Darüber hinaus hat aber auch der Verwendungszweck des Darlehens einen spürbaren Einfluss auf das Zinsniveau des Darlehens. Nimmt der Darlehensnehmer dieses etwa auf, um riskante Aktienspekulationen durchzuführen, besteht ein nicht zu unterschätzendes Risiko, dass er sich verschulden wird und nicht mehr in der Lage ist, dass Darlehen zurückzuführen. Diesen Umstand muss die Bank natürlich durch einen entsprechend hohen Zinssatz abfedern, um auch auf lange Zeit noch betriebswirtschaftlich sinnvoll wirtschaften zu können. Besonders deutlich wird der Einfluss des Verwendungszwecks aber bei einem Darlehen, welches mit dem Ziel der Immobilienfinanzierung aufgenommen wird. Hier deutet der Verwendungszweck bereits an, dass das Darlehen eine beachtliche vertragliche Laufzeit haben wird. Schließlich haben Darlehen, die der Finanzierung von Immobilien und insbesondere auch von Grundbesitz dienen, zumeist eine Laufzeit von mehr als 10 Jahren. Dieser Umstand kann natürlich bei der Bestimmung der Höhe des Zinssatzes nicht außer Acht gelassen werden. Im Ergebnis hat der Verwendungszweck des Darlehens also stets einen Einfluss auf die Zinshöhe. An dieser Stelle kann dem potentiellen Darlehensgeber nur empfohlen werden, eine fachkundige Beratung einzuholen.

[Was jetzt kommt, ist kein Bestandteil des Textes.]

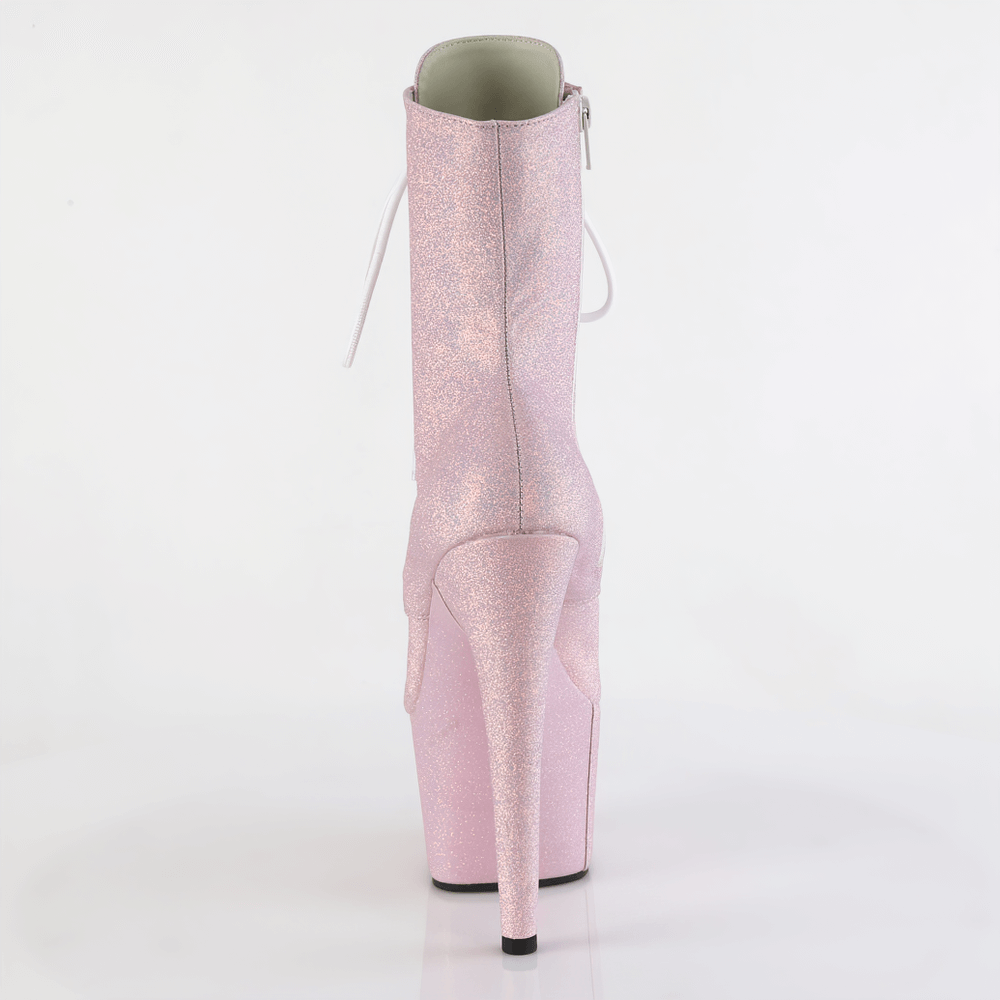 Baby pink glitter ankle boots with a 7-inch heel and side zip closure, perfect for making a bold fashion statement.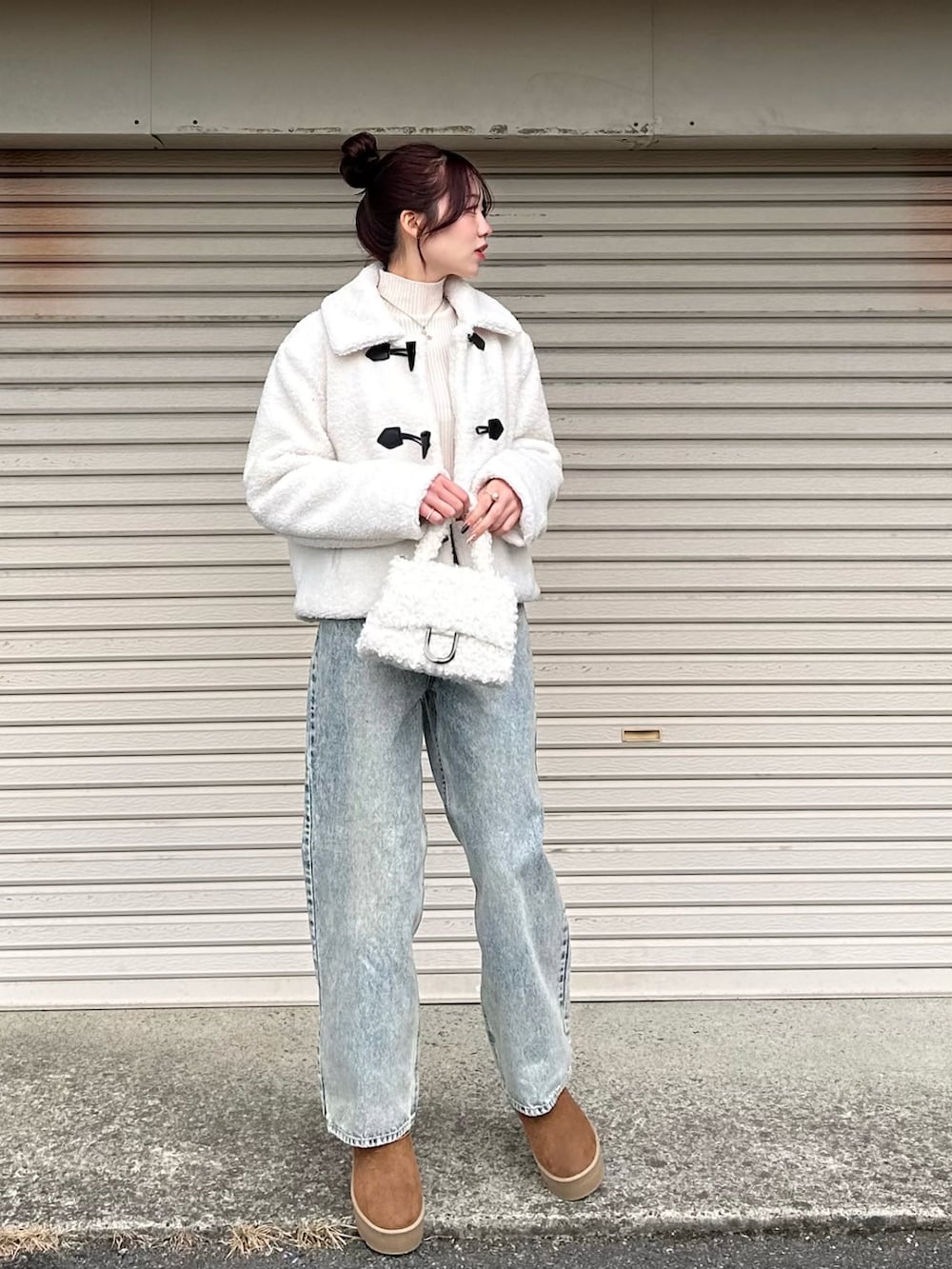 ホワイト系のダッフルコート、ホワイト系のハンドバッグ、ブラウン系のブーツを着用したレディースの冬コーディネートの2枚目の写真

Desweiteren sind auch die Sicherheiten des Darlehensnehmers und damit auch das Risiko des Darlehens im Rahmen der Zinshöhe zu beachten. Stellt die Bank mangelnde Sicherheiten, zum Beispiel aufgrund einer umfassenden Bonitätsprüfung oder einem Schufa Auszug, des Darlehensnehmers fest, bleiben ihr letztlich zwei Alternativen. Zum einen kann sie den Darlehensantrag ablehnen. Dann besteht kein Risiko eines Darlehensausfalls, der Verluste nach sich ziehen wird ,sie das Darlehen auch trotz des Risikos vergeben. Dann besteht, spiegelbildlich zur ersten Alternative, zwar die Chance eines bilanziellen Gewinns, aber auch ebenso eines derartigen Verlustes. In der Praxis wird die Bank, die schließlich stets rein betriebswirtschaftlich denkt, den Kredit gewähren, falls die daraus resultierenden Risiken nicht überproportional hoch sind. Allerdings wird sie dieses Risiko durch entsprechend höhere Zinsen abfedern wollen. So führen höhere Zinsen in der Regel auch zu höheren Tilgungsraten. Da sich das Risiko des Darlehensausfalls in der Regel nicht schon unmittelbar nach Beginn der Darlehenslaufzeit realisieren wird, hat der Darlehensnehmer vor dem endgültigen Zahlungsausfall bereits eine entsprechend höhere Summe zurückgeführt, als das bei einem eher risikoarmen Darlehen der Fall wäre. Darüber hinaus kann die Bank auch durch die höheren Zinsen Verluste aus anderen, ebenso risikofreudigen Geschäften ausgleichen. Vergibt die Bank etwa drei risikobehaftete Kredite, und nur zwei werden vollständig zurückgeführt, was in etwa dem praktischen Durchschnitt entspricht, kann die Bank letztlich noch Gewinn machen.